О Грантсе, его стихах и книгах

О Грантсе, его стихах и книгах
«Этическая (=авторская) позиция Грантса, соединяясь в его лучших текстах с актуальным поэтическим арсеналом, заставляет говорить о нём как о заметном и, главное, оригинальном явлении на уральской поэтической сцене».                     

Артём Филатоф, третий том Антологии современной уральской поэзии.

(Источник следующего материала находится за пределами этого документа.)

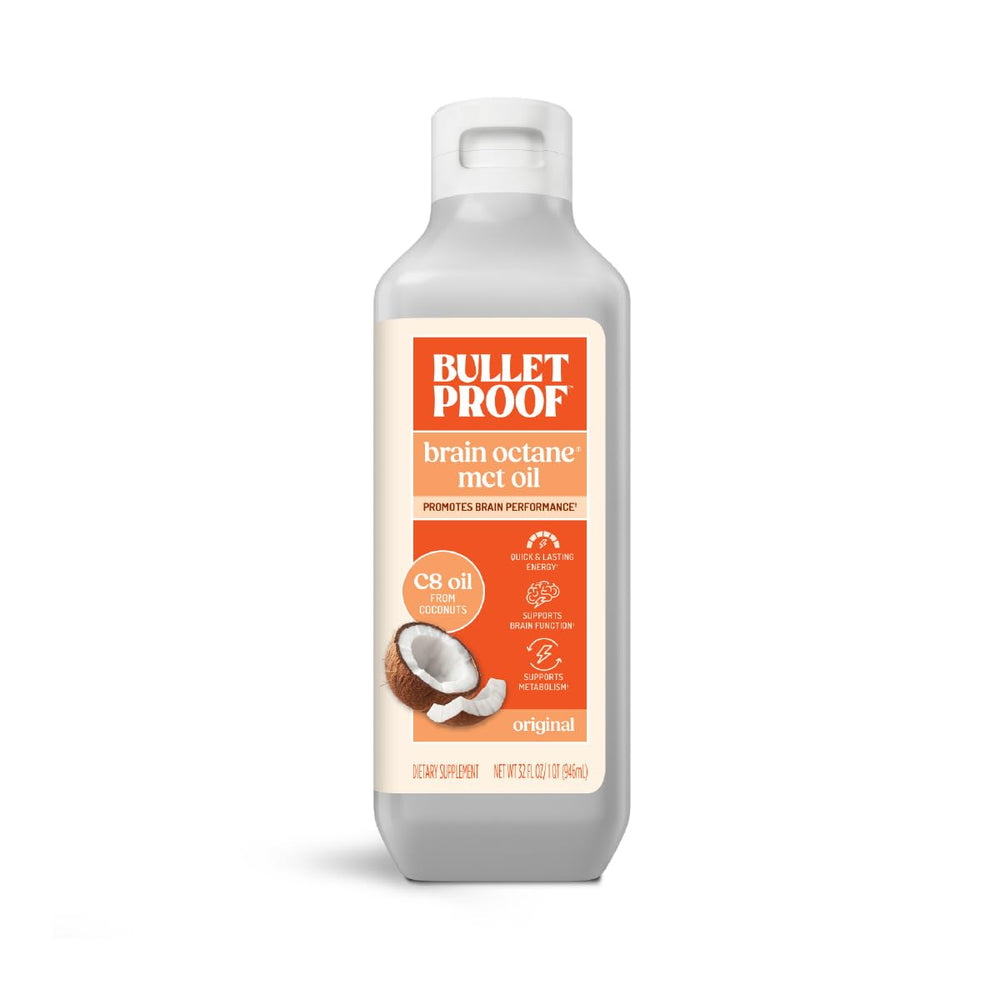 Bulletproof Brain Octane C8 MCT Oil bottle being poured for quick energy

«Книга челябинского поэта заставляет причислить его к сторонникам поставангарда в его дадаистическом изводе. Синтаксические и звуковые ряды для Грантса — не способ автоматизации или деавтоматизации высказывания, а способ приникновения к доязыковым, парамузыкальным, отчасти заговорным основам речи; впрочем, подобная утопия самим поэтом осмысливается как вполне требующая к себе иронического отношения. Ближе всего Грантс оказывается к конкретизму, но лишён его подчёркнутой серьёзности; среди предшественников здесь скорее не Вс. Некрасов, но Соковнин».
Данила Давыдов о книге «Мужчина репродуктивного возраста», журнал «Воздух», №4, 2007.

 

«Вот эта вот неуловимая, мгновенная возможность превращения из человека наших дней, в голове которого на одной из полочек содержится информация о холокосте (только и всего!), в мальчика из предместья, знающего и предчувствующего все наперёд и принимающего эту ужасную, нечеловеческую заданность — делает Яниса Грантса настоящим современным поэтом. Постиндустриальное, информационное общество, в котором мы живем, предполагает как раз возможность таких перевоплощений, и чувство времени или чувство времён — одно из драгоценных качеств и едва ли не единственное, культивируемое третьим тысячелетием. Время, ощущаемое кожей, по запаху, по слабым, зыбким приметам, — это судьба. Судьба дышит в спину, судьба волкодавом бросается на плечи, судьба разыскивает». Лариса Сонина о стихотворении «Яша Гранц», журнал «Урал», №3, 2008.

 

«Поэтический эффект поэтических текстов (да и личной харизмы) Яниса Грантса я бы не стала сводить просто к горькой иронии, экзистенциализму, а также к теме «простого человека» в её различных стилевых мерцаниях, которые безусловно удаются автору. Здесь, за этой кажущейся простотой и очевидностью, которая сразу тащит за собой целый пласт культурологической и филологической терминологии, есть ещё кое-что. Я бы сказала — развоплощение, процесс его разворачивания перед нами в тексте. Великая иллюзия очевидности.
Иной раз кажется, что текст начинается как некий анимационный фильм, где герои обозначены парой ярких деталей, как в комиксах, и все события, происходящие с ними, не кажутся такими страшными, они будто проигрываются для нас несколько утрированно и даже пародийно. Но вот через несколько строк как будто происходит нечто непредвиденное, а именно проговаривание, и в этом проговаривании вдруг выясняется, что в блоковском балаганчике льется не клюквенный сок, а настоящая кровь. Понимание это приходит не сразу – снаружи, как правило, видно только балаганчик, виртуозно разыгранный грамотно подобранными языковыми средствами (чтобы вы скорее проглотили наживку). А вот дальше вы начнете читать эти стихи совершенно другими глазами. Более того, вы, скорее всего, станете гораздо серьезнее, чем прежде.»
Елена Оболикшта, сайт «Челябинск сегодня», 26.01.12.

 

«Персонажи стихотворений (а вместе с ними и лирический герой) Яниса Грантса переливаются всеми возможными оттенками «инаковости» и маргинальности: от хрестоматийных, бедности и пьянства, до актуальных, инфантильности и гомосексуальности, от безумия и различных малопривлекательных девиаций до святости и пророческого юродства. Объединяет большинство героев Грантса одно – острый, часто предельный опыт страдания.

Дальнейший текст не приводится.